TASK PROMPT
Once you reach the line with "Komplet foteli fotel" below, copy each line exactly, stopping after the line with "Home with brick", and skip any pictures.

━━ THE DATA

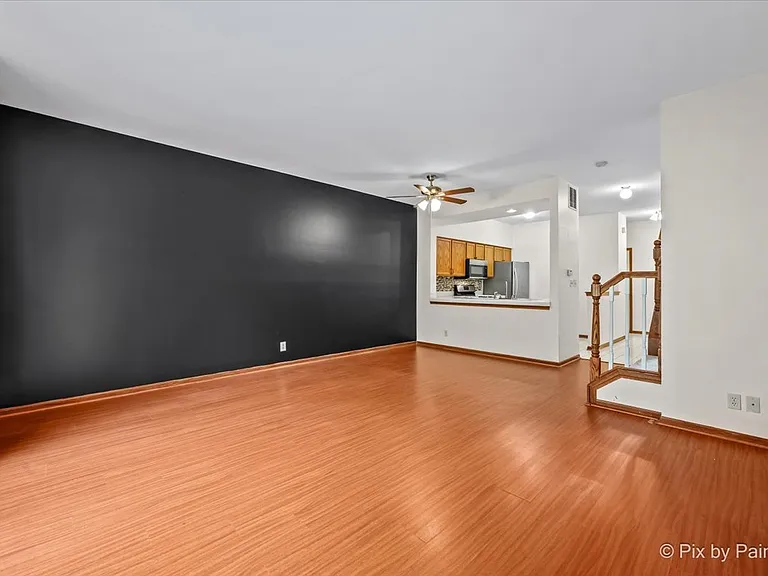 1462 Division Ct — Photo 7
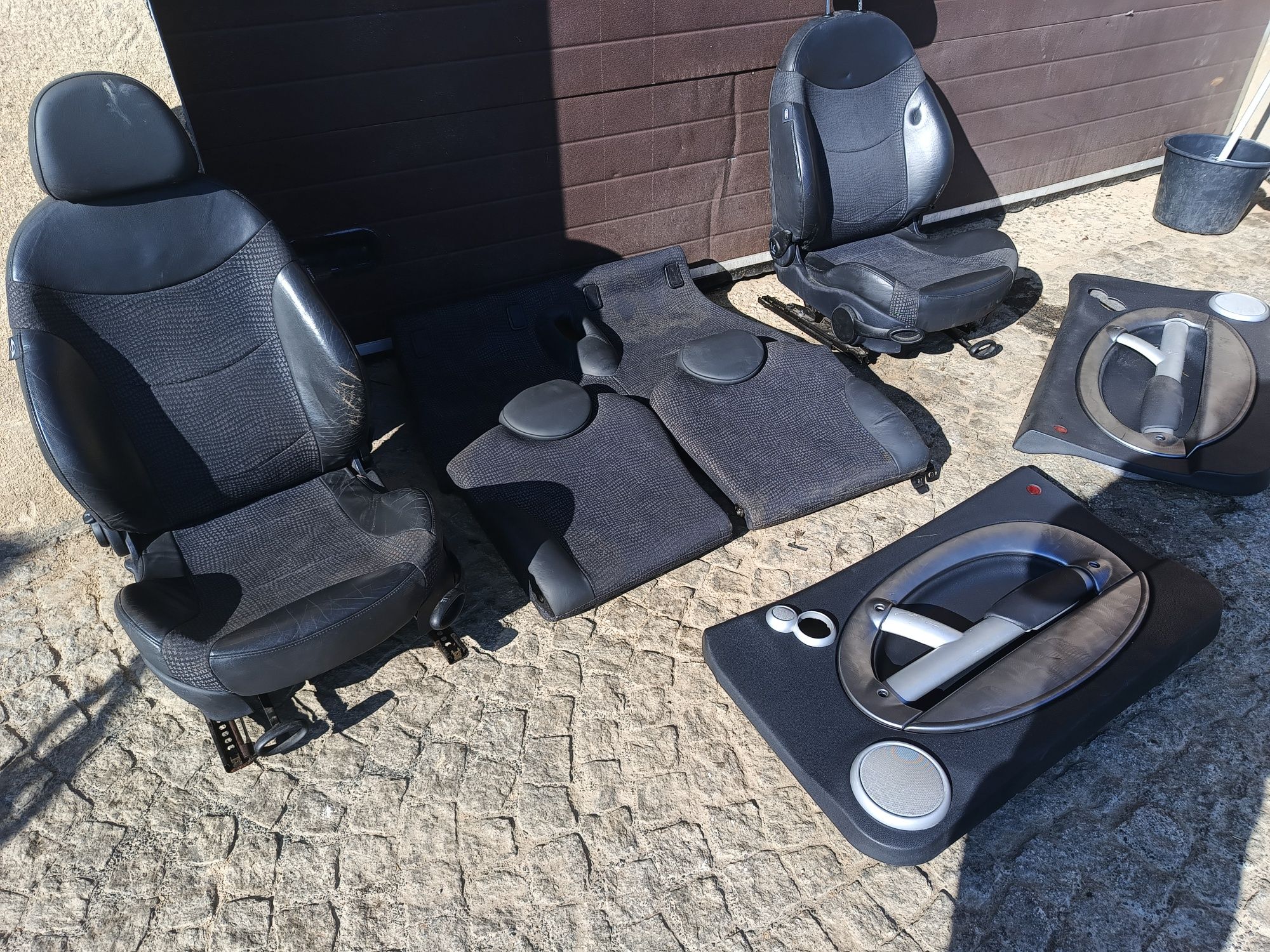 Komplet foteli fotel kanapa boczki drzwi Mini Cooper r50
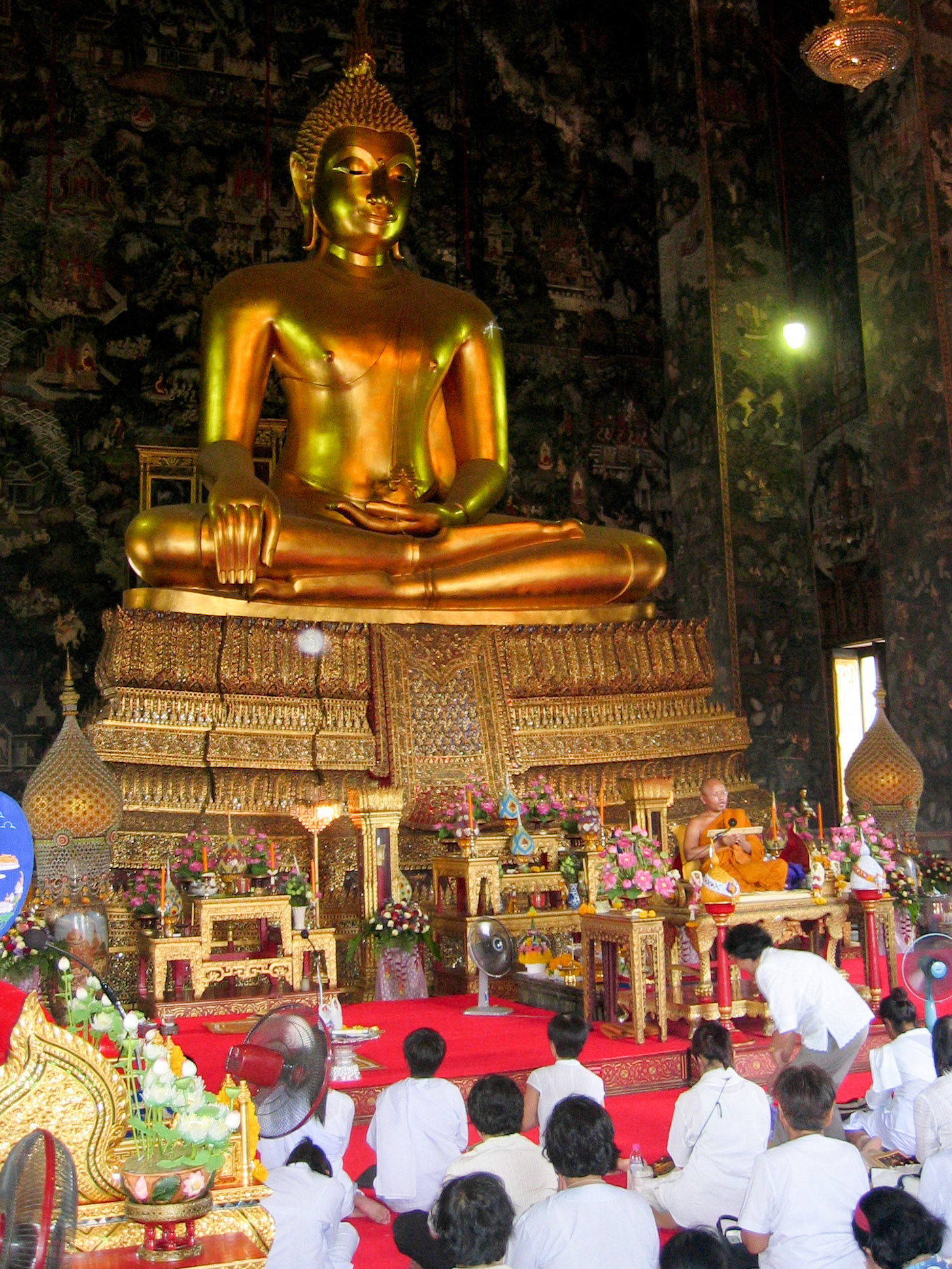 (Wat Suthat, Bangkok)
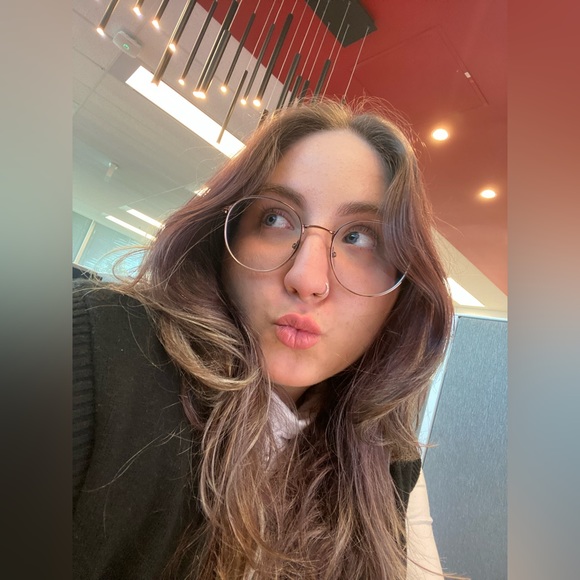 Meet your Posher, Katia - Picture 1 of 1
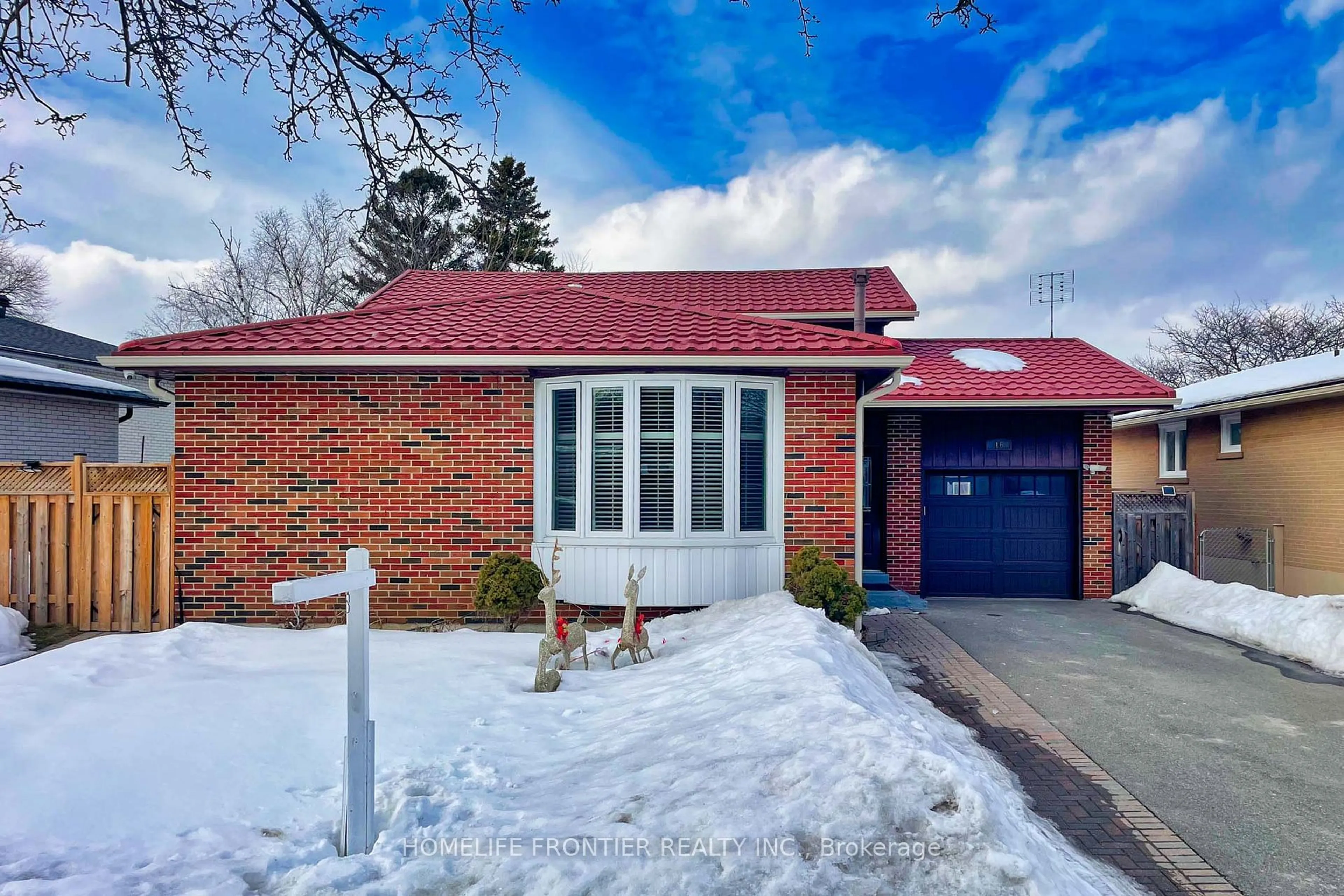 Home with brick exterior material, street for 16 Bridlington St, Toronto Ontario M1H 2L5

━━━━
━━ THE DATA

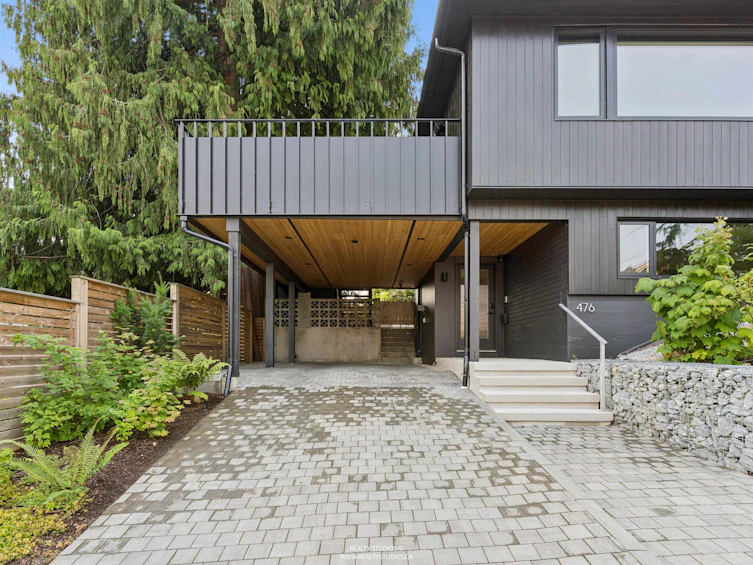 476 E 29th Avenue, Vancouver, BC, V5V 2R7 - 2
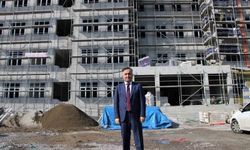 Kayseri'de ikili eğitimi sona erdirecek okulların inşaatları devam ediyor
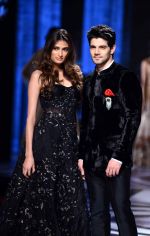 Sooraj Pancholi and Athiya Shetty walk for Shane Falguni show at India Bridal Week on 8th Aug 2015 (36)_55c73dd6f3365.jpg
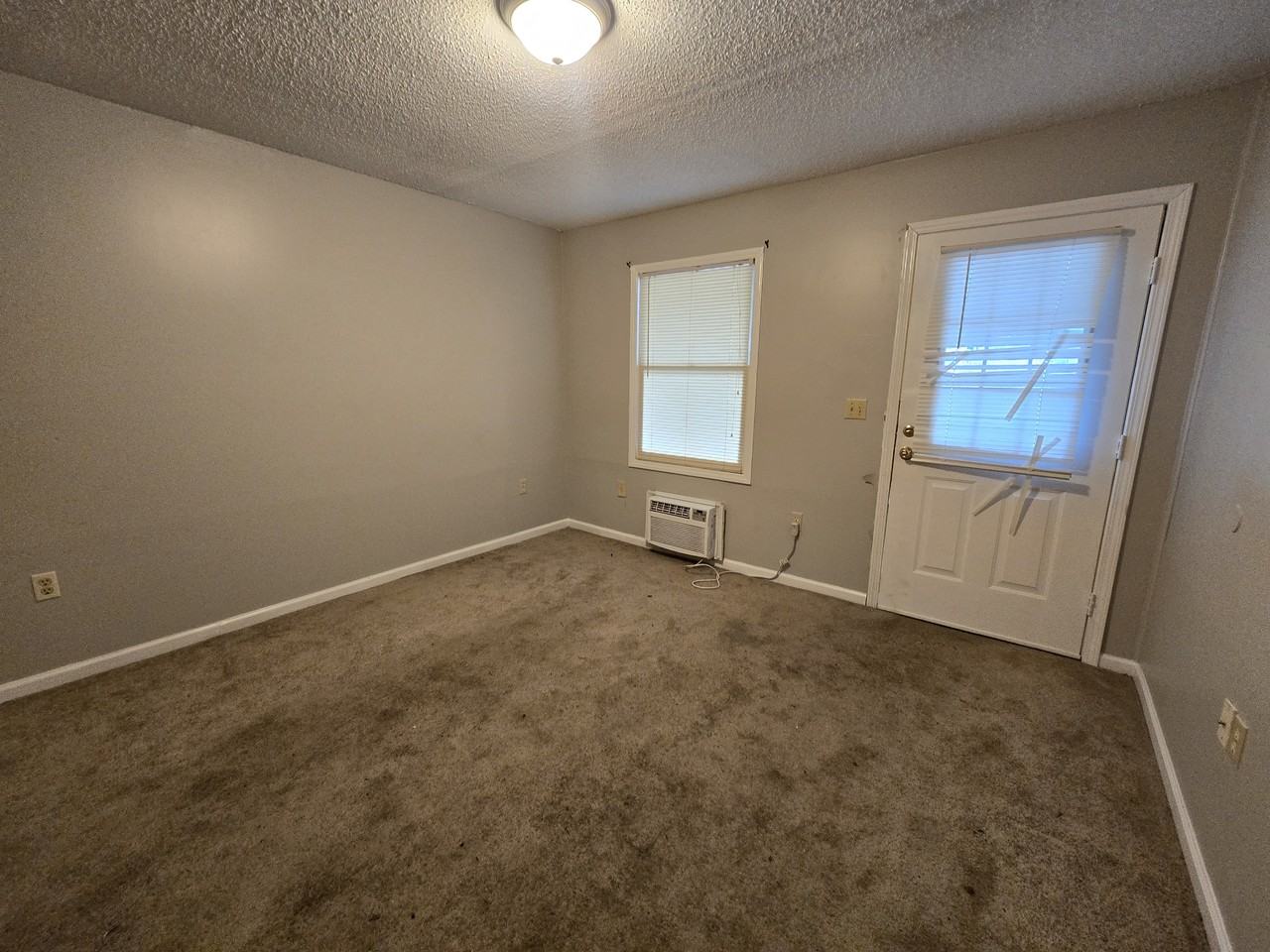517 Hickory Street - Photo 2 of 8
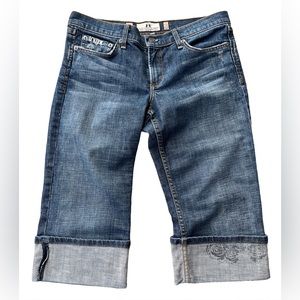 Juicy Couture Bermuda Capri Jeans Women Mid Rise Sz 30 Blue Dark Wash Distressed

━━━━

SOLUTION TO THE EXERCISE
 Komplet foteli fotel kanapa boczki drzwi Mini Cooper r50
 (Wat Suthat, Bangkok)
 Meet your Posher, Katia - Picture 1 of 1
 Home with brick exterior material, street for 16 Bridlington St, Toronto Ontario M1H 2L5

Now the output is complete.